David Griggs – Frog boy’s dissertation
By Julie Ewington
Artlines | 3-2009 | September 2009
David Griggs is one of the most distinctive younger painters in Australia today. He harnesses the emotional impact of figurative art and applies it to contemporary social issues, creating provocative juxtapositions of imagery exploring the darker side of life. Griggs often works with extravagant installations of paintings that are massed to create an effect of stimulating, even overwhelming, challenge: it’s as if a myriad of images and ideas, taken from sources as various as comics, street art and all manner of contemporary issues, meet in a clash of competing energies and desires. His art is confident, ebullient and abrasive and in recent years has been included in a number of major exhibitions.

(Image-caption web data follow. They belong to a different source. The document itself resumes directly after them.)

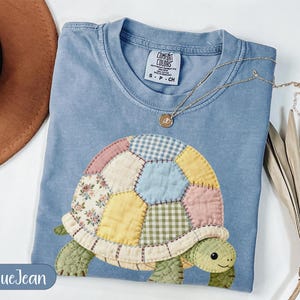May include: A light blue Comfort Colors t-shirt featuring a patchwork turtle design in pastel colors. The turtle has a floral, gingham, and solid fabric shell. A gold necklace with a pendant is draped on the shirt. The text "BlueJean" is on the bottom left.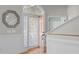 Inviting foyer with hardwood floors and a staircase leading to the upper level at 126 Maltland Dr, Cary, NC 27518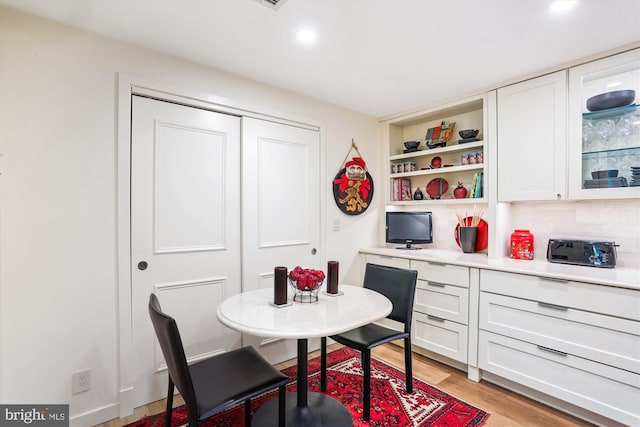 5610 Wisconsin Ave Unit 406, Chevy Chase, MD 20815 - dining space with light wood-style floors and recessed lighting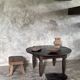 Antique round coffee table in Indonesian teak with turned legs.
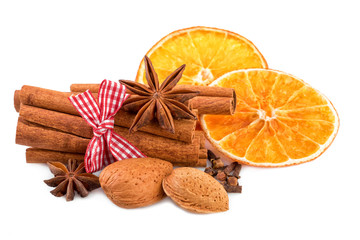 Christmas spices cinnamon anise cloves almond nuts dried orange isolated on white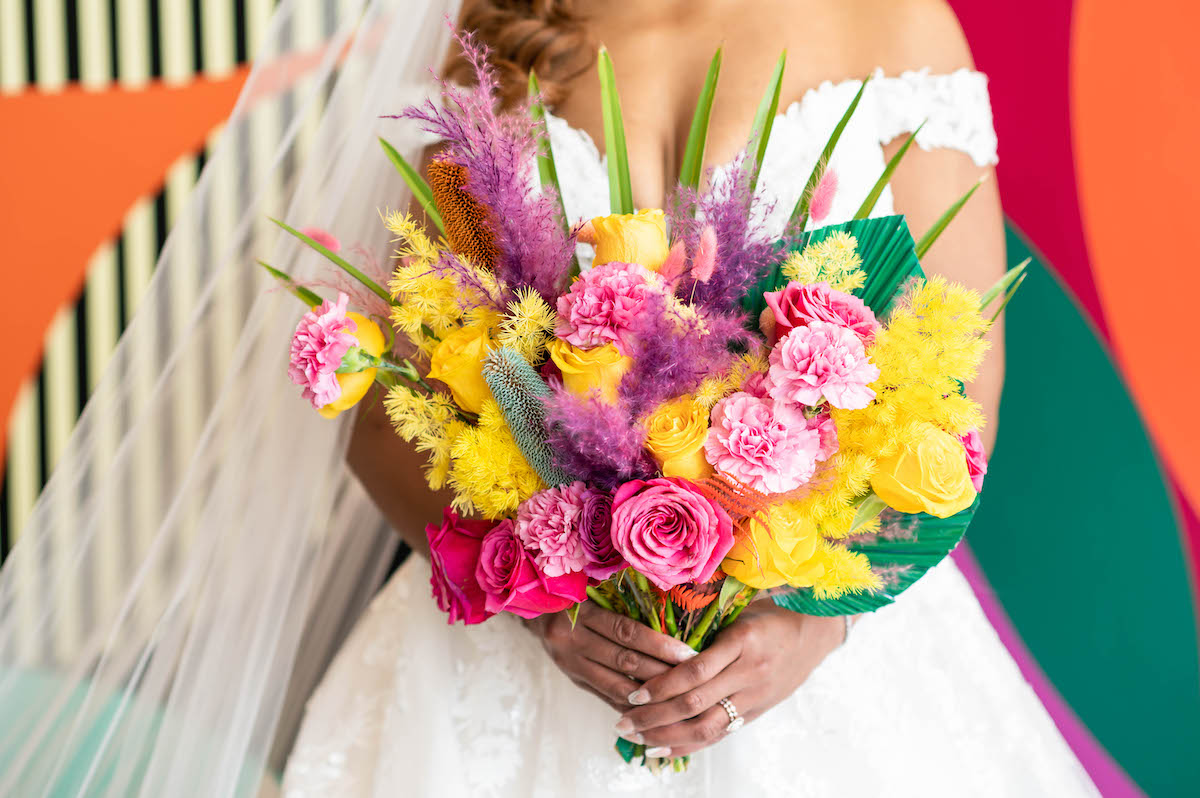 Colorful bouquet at Eclectic wedding with colorful backdrops and cool decor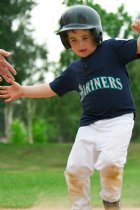 Noah heads for a slide as he comes home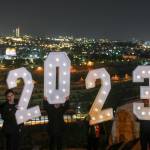 People pose for pictures with a 2023 installation as they celebrate the New Years eve at Mount of Olives overlooking Jerusalems Old City, Saturday, Dec. 31, 2022. (AP Photo/Mahmoud Illean)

Since receiving an Asialink grant for a residency at Ateneo University de Manila in 2005, however, Griggs has spent significant periods working in the Philippines. Fascinated by the extremes of life there, as much as by the lively visual culture of the country, he has often collaborated with traditionally trained Philippine movie billboard painters, who still make many billboards in the laborious time-honoured manner, painting them entirely by hand. Griggs commissioned Frog boy’s dissertation into a new karaoke cult 2008 from a team of Manila painters, and under his direction they decorated this circus-style tent with imagery derived from the theatre of life in the Philippines: street personalities, images from bizarre religious rituals, and portraits of political and military figures. Inside the tent we can see a video the artist filmed in Manila, featuring street dogs, gang members, beggars, kids at Halloween, tattooed locals and a fibreglass statue of Jesus Christ, all transiting the streets of the capital by foot, at one stage inside a jeepney.
This is what David Griggs said about the inspiration for the work:
In the provinces in the Philippines you get a variety of fun fairs, carnivals/circuses/freak shows. I met a 21-year-old man who was a sideshow act at one of the carnivals. His name was Frog Boy. He had a birth deformity where the bones in his legs were flat like paper, giving his lower body a bent and strange position … The advertisement suggested that he was half-man and half-frog. It also explained that he would play basketball, dance, read palms and sing karaoke … Meeting Frog Boy became the starting point to this project. I imagined what it would be like if Frog Boy had his own tent, his own audience and a way to eliminate the exploitation he was dealing with … I came across an old man who lives in one of the slum areas in Manila. He told me that the people here do not need more money, they need more faith. The video performance is myself being a foreign white middle class male bringing faith in the form of sculpture to the people. This is as useful as Frog Boy singing karaoke, or maybe it is the only thing we have, music and faith.
David Griggs’s Frog boy’s dissertation into a new karaoke cult was commissioned by the Melbourne Art Foundation for the 2008 Melbourne Art Fair (30 July to 3 August 2008), and was first shown there in the World Heritage–listed Royal Exhibition Building in the Carlton Gardens. The work looked spectacular in that grandiose Victorian setting, and Bronwyn Johnson, Director of Melbourne Art Foundation, which mounts the biennial Fair, has this to say about the work:
In Frog boy's dissertation into a new karaoke cult Griggs deliberately challenges our notion of faith in all things, be they religious or material, without resolution. Children seemingly unaffected by their poverty, the rituals of gangs, scarification and body art, various expressions of faith, all leave you questioning your world and your place within it.
At the Gallery of Modern Art, installed in the company of other figurative paintings from the Collection, Frog boy’s dissertation into a new karaoke cult looks no less impressive. An astonishing eruption in those pristine white galleries, David Griggs’s circus tent juxtaposes the gritty street culture of Philippines with the order and clarity of the art museum. Which is, after all, its proper home.